IRAM Hardware Prototyping System. Another recommendation would be a hardware prototype. This prototype might consist of Altera programmable logic chips, switch chips, and large amounts of SRAM or DRAM. How fast might it be? How easy would it be to change parameters? How would it run programs? What measurements could it collect? How long would it take to construct? How much would the components cost? How big would it be? How would it connect to computers?

Layout of logic in an IRAM. Several of the IRAMs implementing an SIMD on chip would layout the logic to match the metal pitch so as to minimize area. One gigabit DRAM scrambled the blocks so as to minimize the power and interconnect area to the pins. The somewhat vague goal of this assignment is to explore the options in laying out a processor and cache so as to minimize area and power. What is the impact on processor speed of stretching in across the chip? Look at the 3-level and 4-level metal processes used in the gigabit chips presented at ISSCC 96 as well as more conservative designs.

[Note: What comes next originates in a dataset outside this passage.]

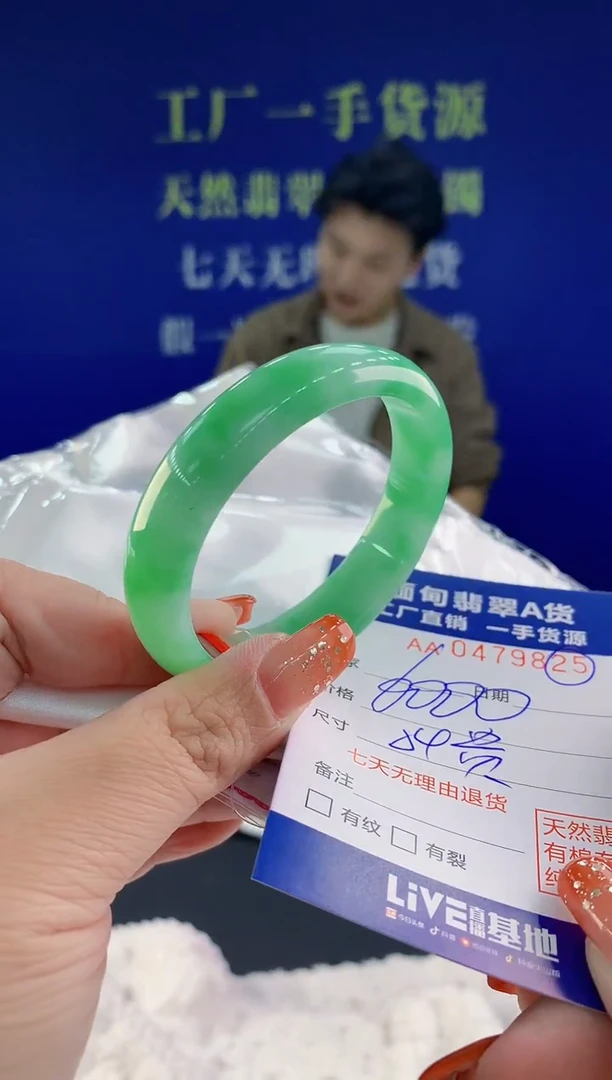 【闪购商品】翡翠手镯未镶嵌天然A货翡翠25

Applications of IRAM. This assignment would investigate applications for IRAM. One potential application of an IRAM could be as a PostScript processor in laser printers. Printers need lots of RAM and a modestly fast processor. Furthermore, OS issues like virtual memory, multiple processes would not be important for a printer (Suggested by Manuel Fahndrich.) This assignment would find and give back of the envelope evalutations of several applications for IRAM.